I've recently had the good fortune to be befriended by a wise (in my estimation) writer who has been in this business nearly as long as I've been (legally alleged to be) an adult. We've had a number of conversations on this topic. He is fond of saying that "you must relentlessly drive to Detroit, while acknowledging that the characters may well prefer Paris. But the *route* to Detroit isn't important, just the fact that you must eventually get there."

I find it depends on the character. Some I need only nudge, and they go right where I want them. Some have to be tricked. And some have to have every other possible course of action systematically blown t bits ...

grumpymartian said...

Brendan - Have one of them do something awful to the other and then madly try to prevent them from "telling".

Brendan said...

Thanks everyone for the great ideas. So many of them too! What a creative bunch you are.

MataPam said...

On third thought, our personal difficulties with our characters might be less than helpful to our fellows.

How to get a Character in the right place?
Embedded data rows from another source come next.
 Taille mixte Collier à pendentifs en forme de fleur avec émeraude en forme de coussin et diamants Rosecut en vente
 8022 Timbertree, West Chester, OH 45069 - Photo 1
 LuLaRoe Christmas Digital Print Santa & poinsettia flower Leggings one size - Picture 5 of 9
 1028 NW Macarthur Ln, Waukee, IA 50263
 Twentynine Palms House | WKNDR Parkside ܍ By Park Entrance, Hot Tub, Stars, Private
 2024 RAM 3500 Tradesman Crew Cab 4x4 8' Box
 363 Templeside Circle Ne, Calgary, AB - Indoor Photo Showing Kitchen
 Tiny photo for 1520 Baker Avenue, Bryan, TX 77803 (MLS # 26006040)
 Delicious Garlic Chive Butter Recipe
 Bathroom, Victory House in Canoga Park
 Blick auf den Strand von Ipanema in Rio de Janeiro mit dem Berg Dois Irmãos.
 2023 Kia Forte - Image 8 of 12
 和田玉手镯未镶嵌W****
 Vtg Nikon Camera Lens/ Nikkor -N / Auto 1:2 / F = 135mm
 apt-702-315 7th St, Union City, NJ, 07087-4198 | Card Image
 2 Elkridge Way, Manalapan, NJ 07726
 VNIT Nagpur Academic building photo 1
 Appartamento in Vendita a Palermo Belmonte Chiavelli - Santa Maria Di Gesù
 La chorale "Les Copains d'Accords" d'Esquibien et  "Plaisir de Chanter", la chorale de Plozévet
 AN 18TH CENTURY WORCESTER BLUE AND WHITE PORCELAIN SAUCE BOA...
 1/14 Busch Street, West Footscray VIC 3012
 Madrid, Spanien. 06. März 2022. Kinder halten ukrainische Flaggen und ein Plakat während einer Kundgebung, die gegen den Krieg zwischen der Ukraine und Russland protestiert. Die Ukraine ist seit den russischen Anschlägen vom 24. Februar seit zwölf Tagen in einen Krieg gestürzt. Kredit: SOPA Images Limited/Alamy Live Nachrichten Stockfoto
Start the story with him there. If you insist, he can conside that, in retrospect [Fill in the brilliant decision] might not have been the best idea he'd ever had.

Obligate him - enlist him in the Army. Have him sent as hostage to his father's loyalty. Give him a Grandmother-from-hell who is going to go on pilgramage before she dies, even if it kills her.

Have his girlfriend's divorced mother marry some rotter and move away. Have his own family move. Offer him money to deliever a package - enough to get the family farm out of hock and marry his childhood sweetheart.

Apprentice him to someone who has a reason to go there.

::sigh:: Promise him a really hot girlfriend if he'll just get up and go.

Kate said...

Stephen,

That's one sensible mentor - and yes, I've had to use the "scorched earth" method of character guidance. Fortunately not often. For some reason they resent it.

Kate said...

Grumpy Martian,

I love the name - and the suggestion is perfect for feuding 12 year olds of any gender.

Kate said...

Matapam,

Any and all of the above, sometimes all in the same story. Le sigh.

I guess being the kind of stubborn that gives people nightmares means I get gifted with equally stubborn characters.